Il est clair aussi qu’au moment même où notre Sauveur accomplissait Ses signes divins, le Fils était à l’oeuvre, mais il avait pour coopérateur45 le Père et le Tout Saint Esprit.


Pourquoi le Christ subit la Croix46

Le Verbe de Dieu et Dieu incarné subit la Croix afin de confondre de manière flagrante l’injustice du diable ; afin de manifester la mesure insurpassable de son amour des hommes47 ; afin d’empêcher qu’on croie facile de se dire Dieu, sans quoi Il aurait donné occasion à une foule de gens de s’auto-proclamer dieux et, tout en balayant un égarement, en aurait Lui-même introduit un fatal48 ; pour s’offrir Lui-même en exemple de patience et d’endurance à ceux qui sont éprouvés par les outrages, les perfidies, les cruautés qui vont à la mort, et leur donner de quoi supporter avec courage et action de grâces les maux qui fondent sur eux ; afin de faire davantage éclater la suprématie de sa puissance, car jeter à bas un adversaire par la force de son bras, de ses armes et de ses alliés, mérite sans doute louange, mais rentre dans les exploits habituels et n’implique aucune opération divine ou extraordinaire, au lieu que détruire la mort par la mort et triompher par elle de l’Hadès, du diable, des dominations et des autorités de ce monde, cela ne peut appartenir en vérité qu’à la force de Dieu, dont la Toute-Puissance dépasse l’intelligence, la raison et l’entendement ; afin qu’en révélant l’immensité des biens qu’Il nous destine, Il nous tienne obligés de L’aimer d’amour pur et de vivre selon Ses lois, conduite dont tout le profit nous revient : l’héritage du Royaume, la vie et la joie au milieu des biens indicibles.

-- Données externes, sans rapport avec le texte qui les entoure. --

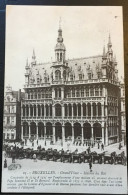Bruxelles 1925 Grand ' Place .- Maison Du Roi. - Marktpleinen, Pleinen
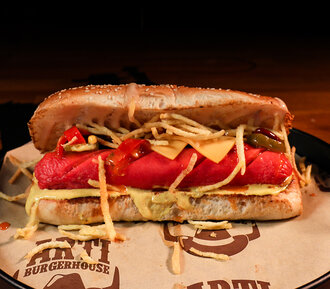 Mexico Hot Dog görseli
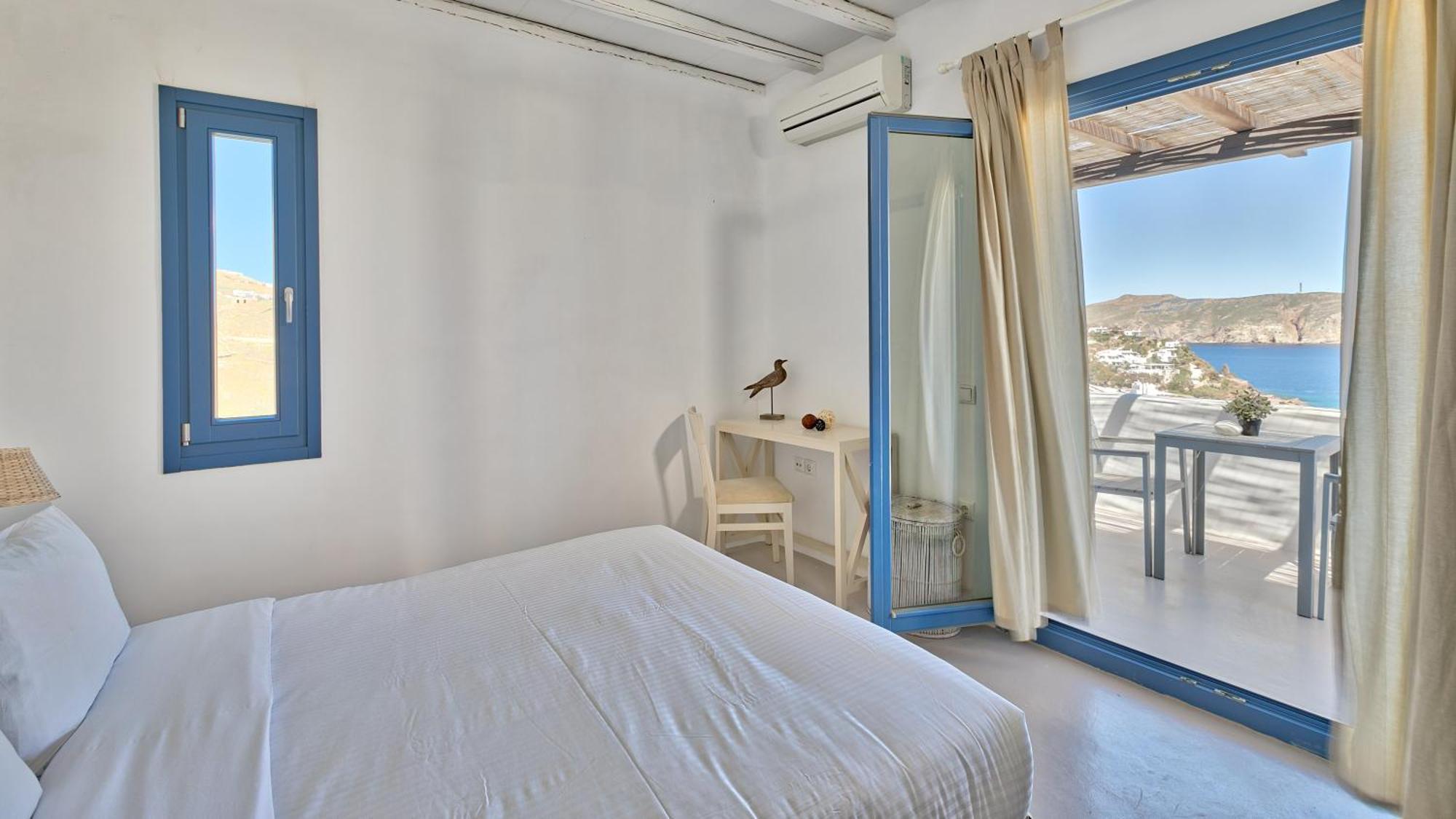 Mykonos Panormos Villas Kamer foto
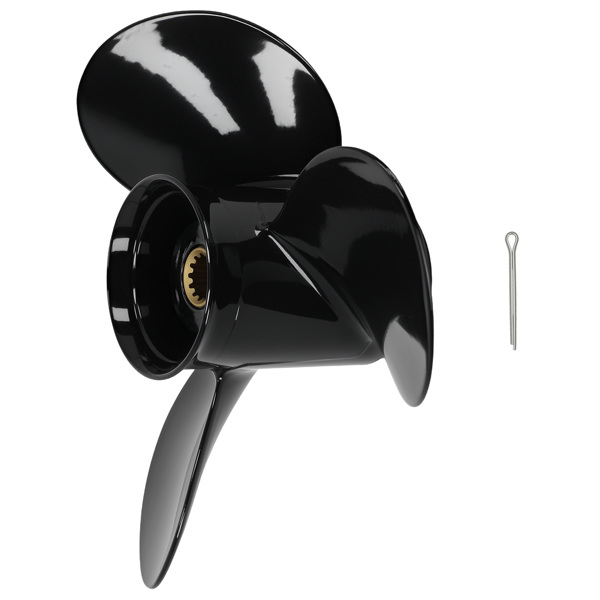 Aluminum Marine Prop fit for Evinrude 40-75HP 1975-2005 778774 15" Pitch 3 Blade-6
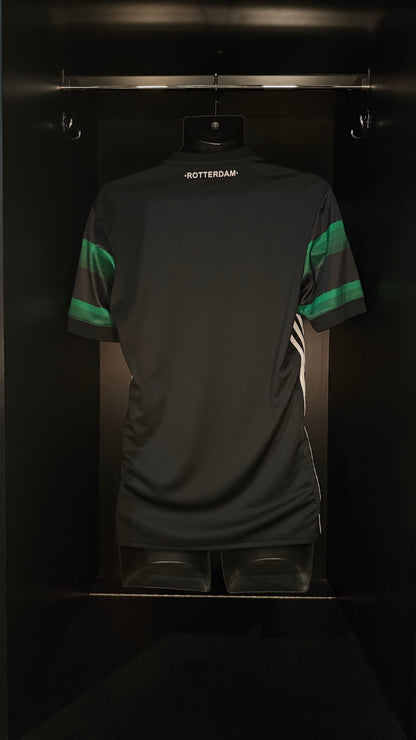 2017-2018 Feyenoord AWAY Kit Soccer Jersey Football Shirt adidas Small Authentic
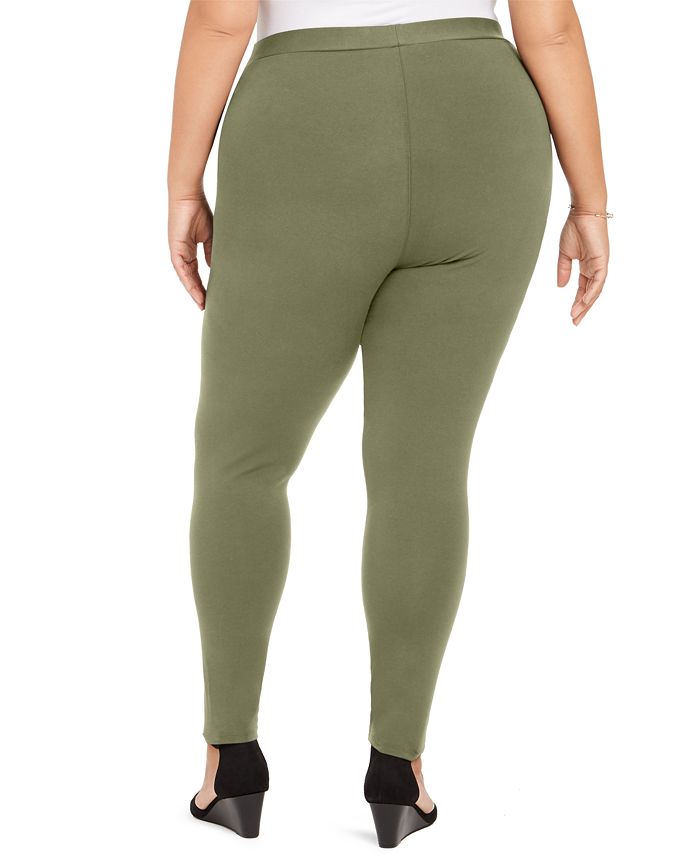 Style & Co Plus Size Leggings, Created for Macy's & Reviews - Pants ...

Que le Père a, tout à la fois, voulu et non voulu
la mort du Christ ;
et que le diable aussi l’a voulue et ne l’a pas voulue49.

Cette question appelle des considérations et des distinctions assez subtiles et l’enjeu de chacune des deux difficultés ici soulevées ne va pas, non plus, de soi. Il faut donc, pour parler dans l’ordre, commencer par donner tout son poids à l’une comme à l’autre, avant d’essayer d’en fournir la solution.

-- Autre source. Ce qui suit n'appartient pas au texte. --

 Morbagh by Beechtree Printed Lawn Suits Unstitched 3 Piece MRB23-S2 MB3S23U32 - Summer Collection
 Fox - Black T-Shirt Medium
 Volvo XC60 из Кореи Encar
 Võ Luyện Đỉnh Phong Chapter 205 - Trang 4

Or donc, que la Croix du Christ entre dans la volonté du Père, le Sauveur en personne nous l’apprend lorsqu’il repousse la mort en ces termes : «Cependant, non que ma volonté se fasse, mais la tienne», au moment où, montrant la réalité de Sa nature humaine, Il priait pour détourner la Passion et la donnait pour involontaire. Il nous l’enseigne aussi à un autre moment : quand il réprimanda Pierre, disant que Sa mort volontaire représentait une pensée de Dieu et, au contraire, une pensée du diable, le refus de voir souffrir Celui dont la Passion guérirait les passions de la nature humaine. Car telle est la pensée à laquelle Pierre s’était laissé entraîner, et qui lui valut de s’entendre appeler du nom du diable, quoique les sentiments qui les motivaient l’un et l’autre fussent différents. Pierre était pressé par les mouvements d’une tendresse aveugle, le diable par la malice qui lui fait chercher les pièges et la ruine de notre salut. Quoique venus d’intentions diamétralement opposées, leurs désirs finissaient par se rejoindre.

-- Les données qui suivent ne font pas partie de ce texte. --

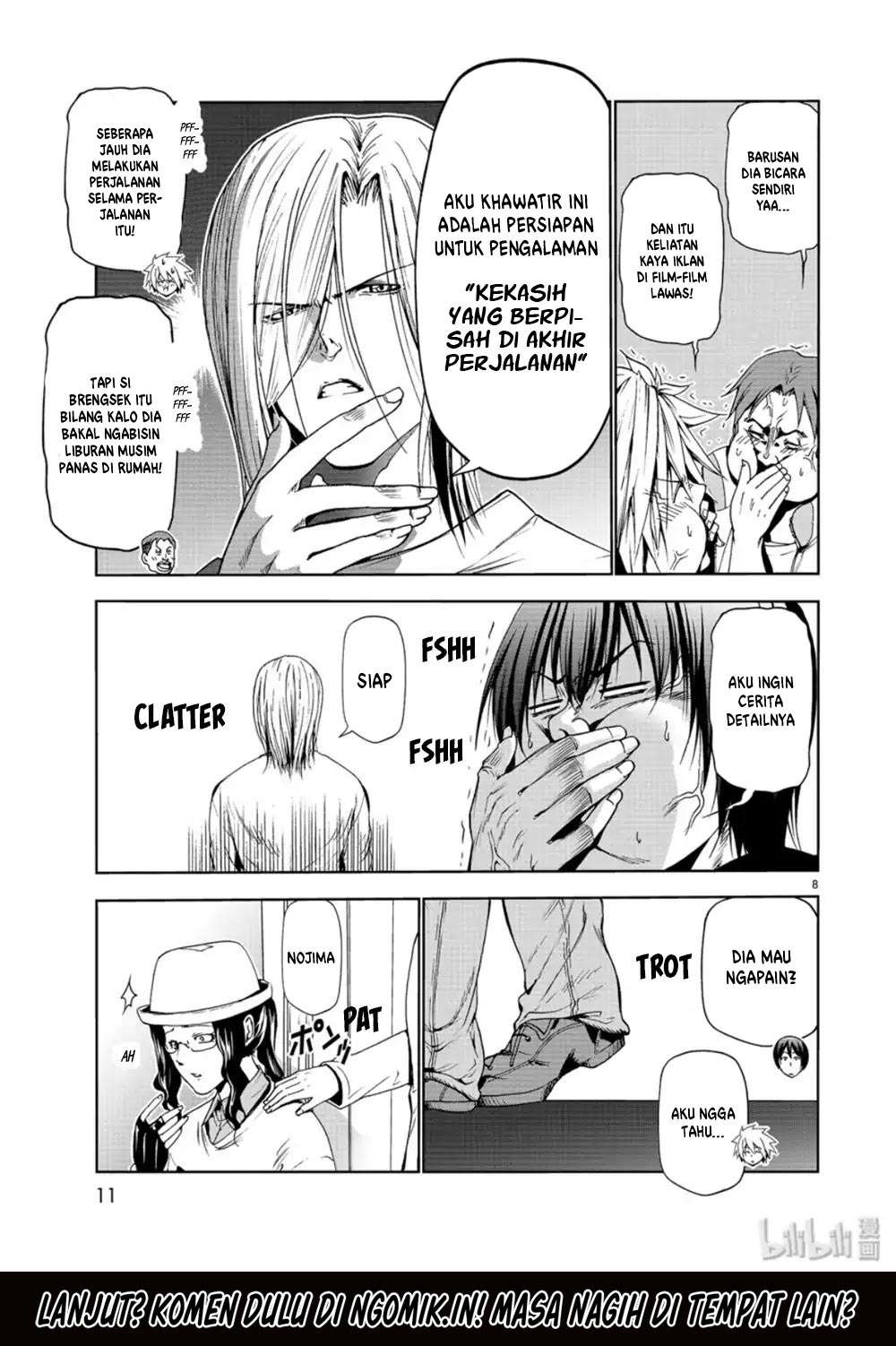 Grand Blue Chapter 58 Image 9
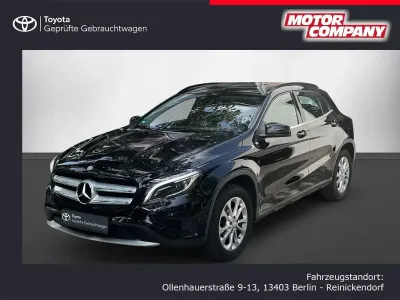 Gebraucht Mercedes GLA180 122 PS (89 kW) 2016 Schwarz SUV
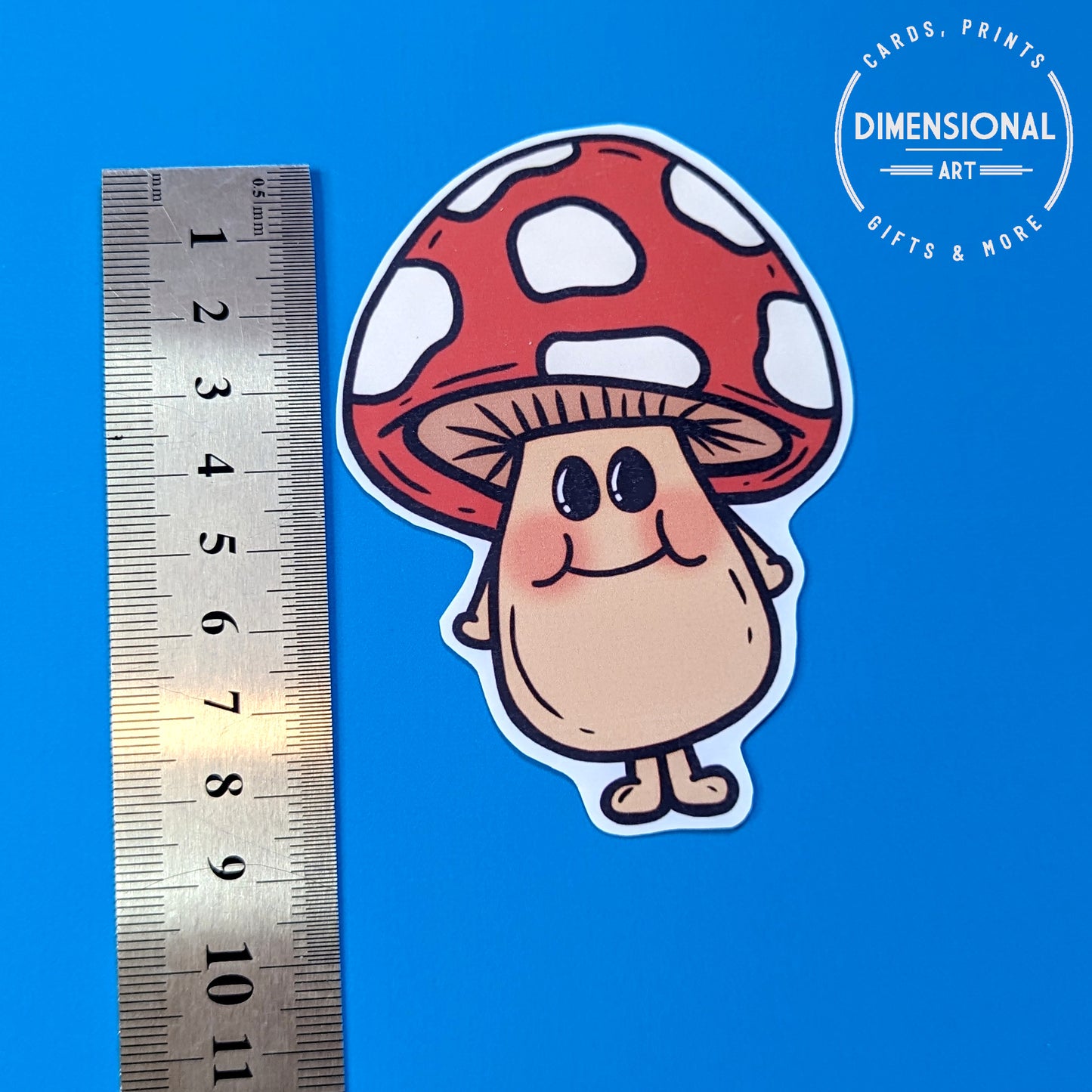 Mushroom Sticker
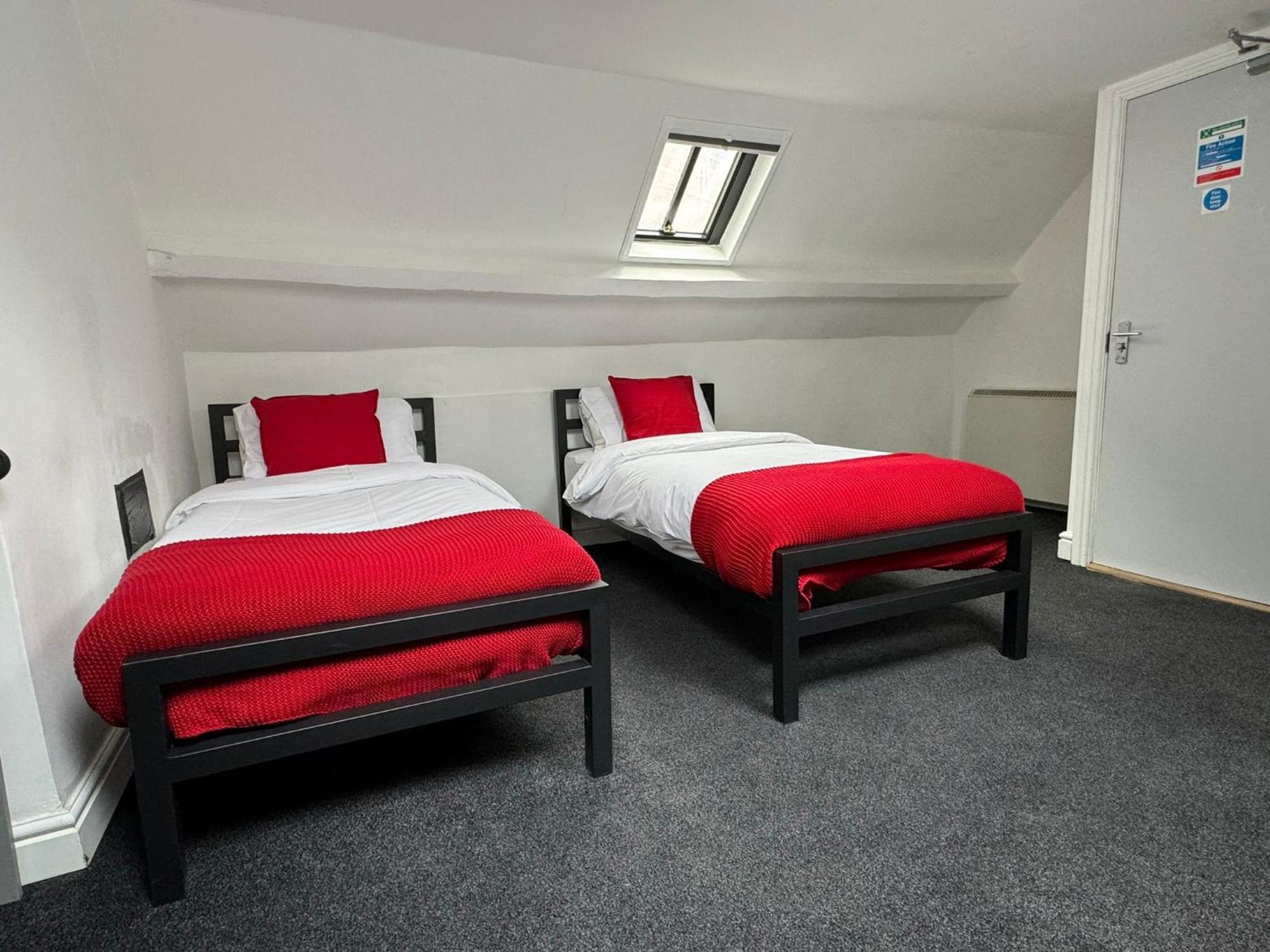 Modern Studios In Heart Of Nottingham Exterior foto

En effet, l’auteur du mal, voyant ce Corps tout pur et divin soumis aux passions naturelles et irréprochables, trama contre lui un plan pervers et tenta à toute force de le réaliser ; mais comme il voyait aussi l’éclat de la majesté divine rayonner plus que l’éclair à travers les signes que ce Dieu opérait, il s’arrêtait interdit ; de sorte que, tout à la fois poussé et retenu de désirer la mort du Maître, il voyait ses manigances réduites à l’impuissance. La folie pourtant l’emporta sur la crainte. Le premier des meurtriers sentit plus fort l’attrait de sa pente habituelle qu’il ne trembla de sa terreur nouvelle.
Voilà comment la Sainte Ecriture fait connaître que la mort du Fils a été voulue par le Père, mais non par le Malin. Que la mort sur la Croix ait constitué pour ce dernier l’enjeu d’une lutte extrême, on peut s’en assurer en de nombreux passages, dont le sens apparaît sans difficulté. Ainsi, c’est parce que le Malin poussait le peuple juif au mal, qu’ils se disputaient entre eux à propos de la mort du Sauveur. Cependant, il est tout aussi évident que la Passion du Fils n’a pas été voulue par le Père, comme nous le verrons encore plus clairement.
Vu le tour qu’a pris cette discussion, il serait bon de poser et d’examiner la question suivante : si deux propositions contradictoires sont bien affirmées de la même chose, ici de la mort du Maître, s’y appliquent-elles identiquement ? Non ; car la première concerne la passion même qu’Il a soufferte et la seconde, le fruit qui en est résulté. Quel fruit ? En mourant, Il sauve le genre humain et Il anéantit la tyrannie du diable. Ce double effet représente assurément la volonté du Père, la réalisation de sa bienveillance et le suprême accomplissement de toute Sa Providence pour le genre humain ; et n’est-ce pas certainement tout le contraire pour l’Ennemi, qui ne désirait certes pas ce coup fatal ?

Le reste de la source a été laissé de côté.